A journalist by trade, Nicholas Stix is as prolific as he is courageous a writer.  For years, he has waged a relentless campaign to draw his readers’ attention to a phenomenon that, however ubiquitous, neither the “mainstream” nor the “conservative” media dare to touch: black-on-white violence.  Many writers claim to write on behalf of truth and justice.  All too few of them actually do so.  Stix is one of these few.

Given my obvious admiration for this veteran beacon of truth, one can imagine my surprise and disappointment upon discovering that Stix recently accused me of being among those of his “sons” who have “ripped off [his] work.”

In “While Reading about the Knoxville Horror, Journalist Finds Son He Didn’t Know He Had,” Stix remarks: “I just discovered a new son, and his name is Jack Kerwick!”

On July 3, I published an article in Front Page Magazine entitled, “Paula Deen and the Fundamental Transformation of America.”  The objective of the piece was to draw out the glaring contrast between, on the one hand, the media’s obsession with Deen’s use of “the N-word” decades ago and, on the other, its indifference toward black-on-white cruelty.  As an illustration of the latter, I selected the grisly ordeal of Channon Christian and Christopher Newsom, a young white couple from Tennessee who were carjacked, abducted, raped, tortured, and murdered by four black men and one black woman in Knoxville back in 2007.

And to show that this wasn’t just an event that was six years old, but a saga that continues to the present, I segued into a description of the circumstances in which the victims spent their remaining hours by way of mentioning that even while the brouhaha over Deen is all of the rage, one of the victimizers, George Thomas, had just been retried and convicted once more.

Admirably, gallantly, Stix had been writing about this topic from the time that it first occurred.  Yet because of this, and because I, admittedly, and carelessly, misspelled the name of the Knoxville Sentinel reporter, Jamie Satterfield (I wrote Sutterfield), to whom I alluded in my piece, Stix’s verdict is that I “ripped” him “off.”

“Kerwick and his defenders would surely respond that it was an innocent mistake, but that won’t wash.  He makes the same mistake twice, and never gets her name right.”  Stix confidently declares: “Nobody familiar with Jamie Satterfield’s work would do that.”

Of both the Orwellian concept of theft that Stix employs here, as well as the shoddiness of his reasoning, more will be said shortly.  First, though, it should be noted that Stix is correct about one thing: I am not “familiar with Jamie Satterfield’s work [.]” I thought to even glance at the name attached to the Knoxville-Sentinel’s article from which I quoted only because, well, I was quoting from it.  Stix, however, in a feat that would make a college freshman in a basic logic course blush, reasons from my carelessness to the conclusion that I “ripped” him “off.”

This is a vintage example of what logicians from the time of Aristotle have called “false dichotomy”: Either Jack is familiar with Satterfield’s work or all that he knows of the Knoxville case he stole from Stix. He is unfamiliar with Satterfield’s work. Therefore, he stole from Stix.

So much for Stix’s reasoning here.

But what exactly can it mean to be “ripped off” in this context?  Notice, Stix never accuses either me or any of his other “sons”—his not so affectionate term for those of us who also seek to bring the national scandal of media silence on black-on-white violence to more people’s attention—of plagiarism.  There is a very good reason for this: Stix has zero grounds upon which to root such a charge.

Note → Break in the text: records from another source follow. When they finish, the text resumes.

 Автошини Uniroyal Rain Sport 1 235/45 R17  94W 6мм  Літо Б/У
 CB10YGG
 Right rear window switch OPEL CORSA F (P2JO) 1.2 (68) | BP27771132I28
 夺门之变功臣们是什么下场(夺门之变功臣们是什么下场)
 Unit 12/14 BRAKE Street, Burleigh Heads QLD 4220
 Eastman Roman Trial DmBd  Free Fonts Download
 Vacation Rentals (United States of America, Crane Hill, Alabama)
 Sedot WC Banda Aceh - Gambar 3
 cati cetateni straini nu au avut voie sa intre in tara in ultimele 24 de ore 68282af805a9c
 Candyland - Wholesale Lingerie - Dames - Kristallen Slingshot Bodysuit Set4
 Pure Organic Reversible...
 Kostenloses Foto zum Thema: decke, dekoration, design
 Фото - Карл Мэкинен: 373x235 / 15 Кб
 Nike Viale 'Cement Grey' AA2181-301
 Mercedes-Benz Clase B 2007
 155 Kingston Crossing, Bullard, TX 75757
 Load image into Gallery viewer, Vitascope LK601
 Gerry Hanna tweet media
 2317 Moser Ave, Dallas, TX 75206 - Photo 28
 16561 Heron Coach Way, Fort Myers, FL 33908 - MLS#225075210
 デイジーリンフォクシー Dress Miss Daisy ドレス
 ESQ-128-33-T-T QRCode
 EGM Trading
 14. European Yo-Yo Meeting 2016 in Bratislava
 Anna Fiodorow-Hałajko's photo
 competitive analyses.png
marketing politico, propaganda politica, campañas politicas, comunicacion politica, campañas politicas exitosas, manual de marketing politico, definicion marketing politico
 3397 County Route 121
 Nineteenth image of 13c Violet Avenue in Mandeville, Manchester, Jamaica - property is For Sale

Upon googling the names of Channon Christian and Christopher Newsom, no fewer than 136,000 results are listed.  And the very first result is a link to the Knoxville-Sentinel’s archive on this case.  The second result is a link to a Wikipedia entry on the latter.  To his eternal credit, Michael Savage, the third most listened to nationally syndicated radio talk show host in the country, a man with probably 10 to 12 million listeners, has talked about the fate of Christian and Newsom since 2007.

In other words, this story has been in the public domain since the time that it first broke—and Stix was not the person to have first broken it.  It is preposterous to imply that any discussion of this case that doesn’t give a tip of the hat to Stix is disreputable.

As for my own piece, there isn’t a single argument, turn of phrase, idea, or detail in it that can in any way be construed as having been lifted from Stix’s work.  It merely recapitulates the bare bones of the “Knoxville Horror,” as Stix quite appropriately refers to it (Now, had I not credited him as having coined this term, then I would indeed be guilty of “ripping” him “off.”).  To lend authority to my summation, I turned to the Knoxville-Sentinel archive and quoted Satterfield, the local reporter who, I discovered, had been all over this story, as well as the medical examiner who she in turn quoted.

Perhaps more than most, writers, including yours truly, take themselves entirely too seriously. Yet as the great Catholic writer G.K. Chesterton said, seriousness “is no virtue.” Being that it is “the easiest things to do,” it is more of a vice, for it is nothing other than “a natural trend or lapse into taking one’s-self gravely [.]”

Stix should keep up his good work. While he is at it, he should brush up on his Chesterton.